__Exercise goal__.
Nothing but the lines from the one containing "Vitz Seat Belts" through the end of the data should be retyped, exactly as they stand, and pictures should not be retyped.

__Data provided__.

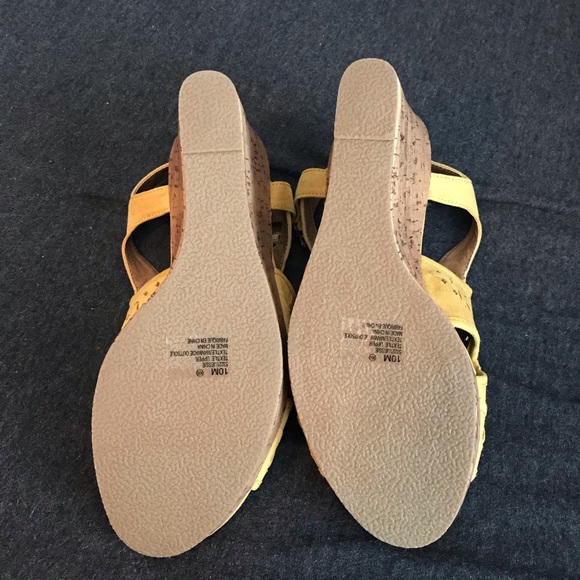 NWOT Maurice’s Wedges (yellow and tan) - Picture 6 of 7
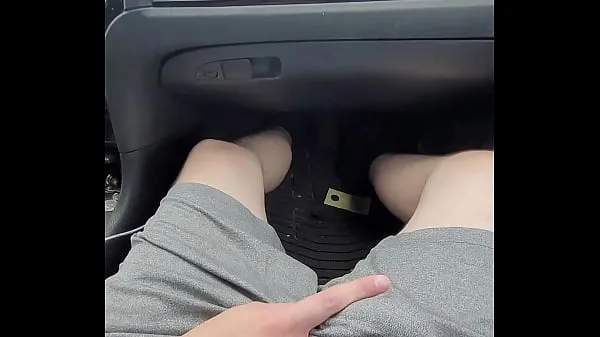 Neue öffentliches Auto Handjob und Cumshot im Mund Blowjob Tube insgesamt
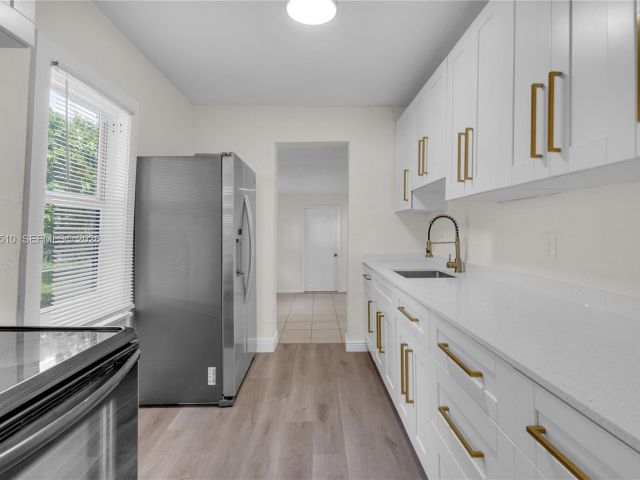 4-bedroom home for rent in Miami - 3121 NW 60th St 0 - MondialRealty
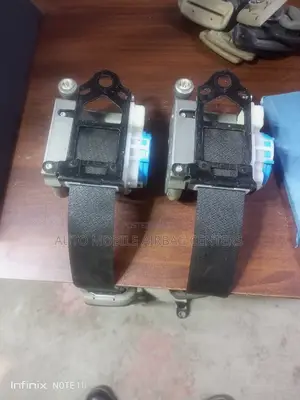 Vitz Seat Belts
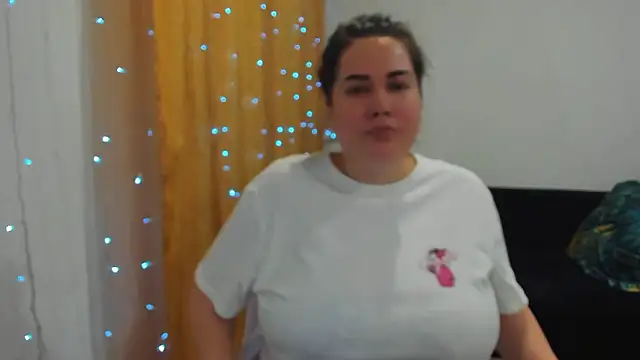 Snapshot of _madalexa_ chatting on 01.31.26 madalexa online show from 01.31.26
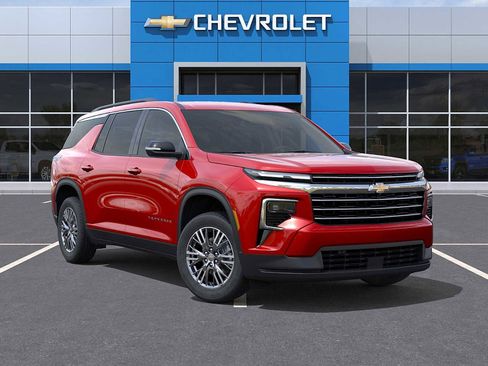 New 2026 Chevrolet Traverse LT w/ LPO, Floor Liner Package AWD/4WD image 7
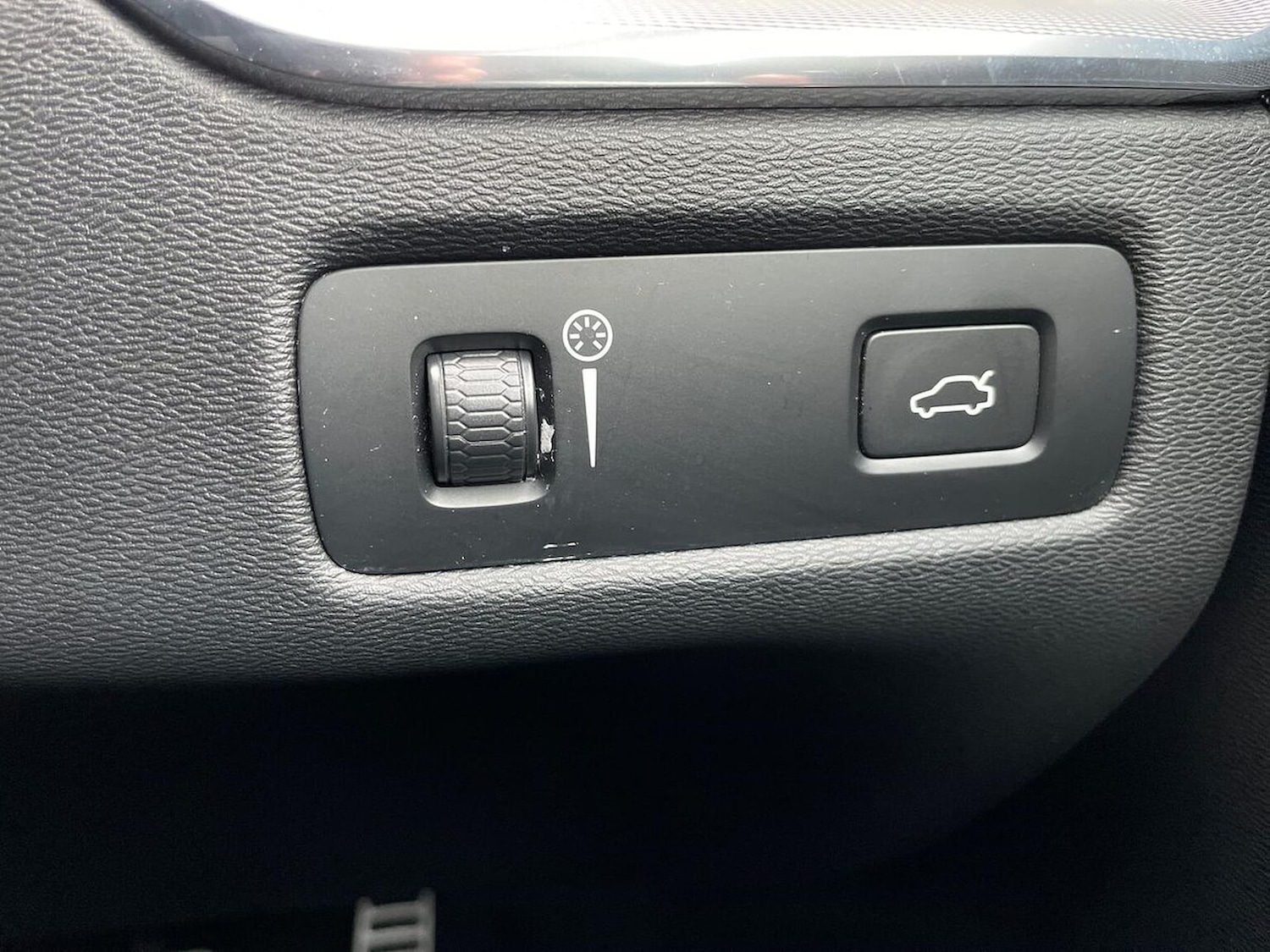 Used Volvo XC60 2022 for sale - 76097651: Photo 22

__Result of this task__.
 Vitz Seat Belts
 Snapshot of _madalexa_ chatting on 01.31.26 madalexa online show from 01.31.26
 New 2026 Chevrolet Traverse LT w/ LPO, Floor Liner Package AWD/4WD image 7
 Used Volvo XC60 2022 for sale - 76097651: Photo 22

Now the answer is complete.